Here's the reader request:

I rec'd this email newsletter today, and I found it very interesting, and admittedly down right controversial. As a Windows guy, even I was having some trouble believing that Windows is such the slam-dunk winner that it's purported to be over Linux. What are your 2 cents? I'd love to see a blog entry on this. This is of particular interest to my IT shop since we're contemplating a move from our z/OS environment to possibly a Linux environment.

 

From: WindowsITPro Update
[mailto:WindowsITPro_UPDATE@list.windowsitpro.com]
Sent: Tuesday, November 22, 2005 2:19 PM
To: Mired in Zealand
Subject: Microsoft vs Linux 2005: It's All About Reliability

by Paul Thurrott, News Editor, thurrott@windowsitpro.com ...

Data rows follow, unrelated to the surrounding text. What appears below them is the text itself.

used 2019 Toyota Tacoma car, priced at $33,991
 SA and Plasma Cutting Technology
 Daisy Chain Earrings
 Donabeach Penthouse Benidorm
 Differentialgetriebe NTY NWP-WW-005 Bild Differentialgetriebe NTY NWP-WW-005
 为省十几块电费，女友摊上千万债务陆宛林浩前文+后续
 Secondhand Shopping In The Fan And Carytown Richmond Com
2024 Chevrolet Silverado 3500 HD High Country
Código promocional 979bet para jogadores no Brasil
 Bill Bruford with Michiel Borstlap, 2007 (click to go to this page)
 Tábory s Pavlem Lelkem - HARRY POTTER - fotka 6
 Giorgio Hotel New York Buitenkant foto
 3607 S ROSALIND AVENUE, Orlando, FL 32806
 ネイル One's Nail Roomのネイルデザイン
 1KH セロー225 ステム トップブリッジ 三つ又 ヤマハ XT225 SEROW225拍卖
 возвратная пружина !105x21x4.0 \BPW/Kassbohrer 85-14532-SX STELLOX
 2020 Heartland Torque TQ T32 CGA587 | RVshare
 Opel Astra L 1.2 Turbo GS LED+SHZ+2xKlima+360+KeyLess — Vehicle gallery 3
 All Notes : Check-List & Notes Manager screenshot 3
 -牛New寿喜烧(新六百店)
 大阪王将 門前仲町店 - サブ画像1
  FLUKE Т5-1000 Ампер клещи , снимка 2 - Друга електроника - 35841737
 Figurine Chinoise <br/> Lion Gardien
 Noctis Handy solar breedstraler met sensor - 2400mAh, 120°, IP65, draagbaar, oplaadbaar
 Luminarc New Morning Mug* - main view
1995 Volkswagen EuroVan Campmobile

OSS proponents have been pushing the supposed security, reliability, and durability advantages of Linux over Windows for years now. My gut feeling has always been that were Linux installed in as many production environments as Windows, it would fall apart as much or more, albeit in different ways. What's lacking, of course, is evidence. Whereas Microsoft has sponsored study after study to examine the competitive advantages of Windows and Linux, the cozy relationships between the software giant and the companies making these studies always made the results less than believable.

Last week, however, I think we reached a turning point in understanding how Linux and Windows differ in the real world. Yes, yet another study is involved, and yes, Microsoft commissioned this one as well. However, the company that performed the study, Security Innovation, is highly regarded for its independence and methodology. In this study, "Reliability: Analysing Solution Uptime as Business Needs Change", [URL added - murph] Security Innovation examines the real-world reliability of Windows and Linux, not abstract and often pointless statistics such as uptime.

...

As part of the study, sets of experienced Windows and Linux systems administrators were given control of e-commerce environments based on their respective systems. The Windows environments were based on Windows 2000, then upgraded to Windows Server 2003 and any applicable hotfixes and security patches during the simulated year of the study. The Linux environments began life with Novell SuSE Linux Enterprise Server 8 and were upgraded to SuSE 9 and any applicable updates. Both groups of administrators had to configure and maintain the systems over time, introduce new functionality to the e-commerce application over time (including personalisation, dynamic search, and list-targeting features), and perform the major OS version upgrades. Security Innovation examined the performance of the administrators, noting how long they took to execute each task.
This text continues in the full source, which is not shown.